A president who thinks it's acceptable to personally profit from the presidency now refuses to submit to congressional oversight regarding expenditures from a $2.2 trillion package — the single largest taxpayer outlay in U.S. history. What could go wrong?

This open violation of a bipartisan contract is the kind of funny business Trump has engaged in all his life — another reminder that he thinks he's accountable to no one. Congress could sue, but there's no time for that. Both parties need to stand their ground and demand Executive Branch accountability.

Warring Republicans and Democrats managed to pass the stimulus package in record time — testament to how crucial it is to rescue the economy. But Democrats were right to hold up the package over the unassailable principle that taxpayers shouldn't hand over half a trillion dollars, earmarked for business loans and loan guarantees, to any president without oversight guarantees.

Trump has spent his entire presidential term rewarding his big-business supporters and defying the Constitution's emoluments clause barring presidents from profiting from office. During the stimulus negotiations, he refused to rule out that his own businesses might get some of the money from the bill. When asked who would provide the oversight for that spending, Trump responded, outrageously: "I'll be the oversight."

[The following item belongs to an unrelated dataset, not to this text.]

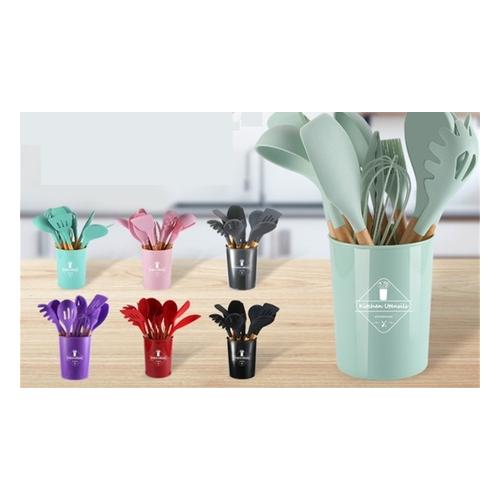 Bild von 12-Piece Silicone Kitchen Cooking Utensils Set: Light Green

For Congress to hand this White House a blank check would constitute governmental malpractice. Democrats negotiated a provision barring the president's businesses from benefiting from stimulus money, and requiring government inspectors general to report to Congress if the administration refused oversight cooperation. That provision was common sense, given Trump's record of flaunting constitutionally mandated congressional oversight.

Trump — as honest in government as he is in business — signed the bill into law, then promptly announced he wasn't bound by it. In a signing statement he said, in effect, that he reserves the right to block the inspector general from providing information to Congress without his approval. Senate Democrats, who negotiated the deal directly with Treasury Secretary Steven Mnuchin, are correctly demanding answers from him.

This emergency response, designed to keep the U.S. economy from collapsing, must not be allowed to morph into the president's personal slush fund.

Most congressional Republicans, including Missouri Sens. Roy Blunt and Josh Hawley, long ago abdicated their oversight duties for political gain under this president. With all the health fears and financial distractions competing for the public's attention, voters must not lose sight of accountability when $2.2 trillion is on the line.